It wasn’t like she and Grace weren’t talking. They texted constantly. They FaceTimed. They’d gotten good at the long-distance routine. Good enough that everyone else would’ve thought they were thriving. But every time Grace’s face blinked off the screen, something inside Alix wrenched in pain.

The house felt emptier, the bed colder, the hours longer. Even Phyllis’s nightly murder podcasts didn’t drown it out anymore.

She’d gone from sleeping on Grace’s shoulder to sleeping beside Grace’s contact photo. Some nights she’d scroll through old texts, rereading things that didn’t need rereading — jokes about bad hotel shampoo, half-drunk selfies, little pieces of intimacy meant to fill the gap. They didn’t.

The ache wasn’t cinematic. It was dull, constant, exhausting. It sat behind her ribs like a bruise she kept pressing just to feel something.

At lunch, she sat outside with her usual lukewarm burrito, scrolling through Grace’s Instagram. Grace had posted a photo of the cats tangled in sunlight. Alix saved it to her phone, even though she already had a dozen just like it.

She tried not to be the kind of person who counted hours between texts, but she knew exactly how long it had been since they’d last talked. A miserable five hours and forty-two minutes.

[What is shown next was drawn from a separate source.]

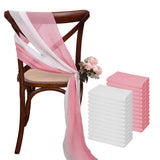 (Pack of 24) 17x275cm Chiffon Chair Sashes 12 Set Sage green Chair Sash Wedding Chair Covers Ribbon Wedding Party Aisle Chair Decor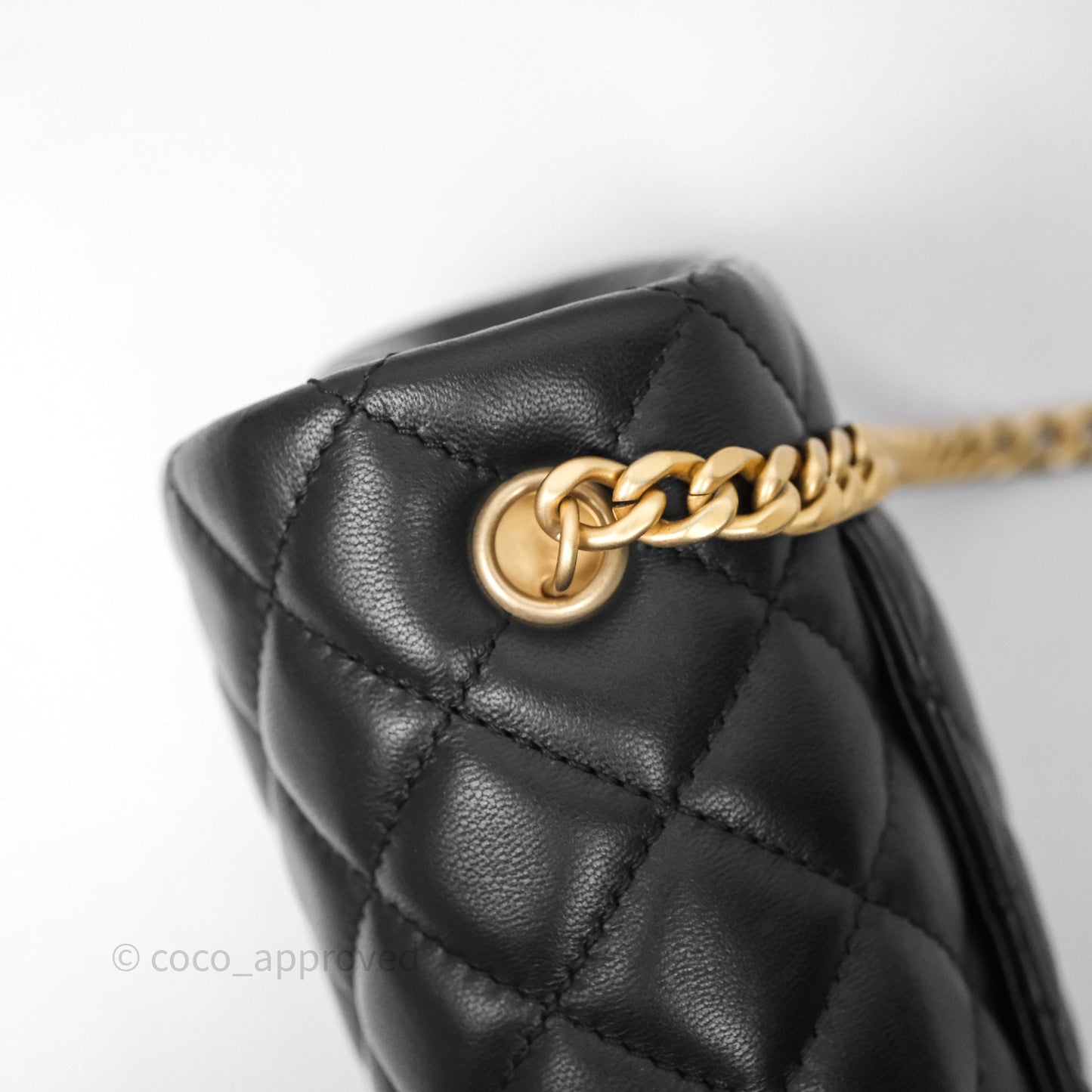 Chanel Mini Rectangular Flap with Camellia Adjustable Chain Black Lambskin Aged Gold Hardware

When Lola sat down next to her and offered her half a cookie, Alix realized she’d been staring into space for several minutes.

“You okay?” Lola asked.

“Sure,” Alix said automatically. “Why?”

“You just sighed like someone in a black-and-white movie about war.”

Alix cracked a smile. “That’s just my new thing. Melancholy chic.”

“That’s so 2005. Joy is in now.”

“I’ll consider it.”

“You know, I have a good friend who is a stylist in Miami at a super cool shop. Like so cool Vince would call it ‘overwrought.’” Lola nudged Alix’s shoulder.

Alix side-eyed her. “Oh?”

Lola shrugged, leaning over to take a bite of Alix’s burrito. “Just something to keep in mind, like if you ever want an introduction,” she said around a mouthful.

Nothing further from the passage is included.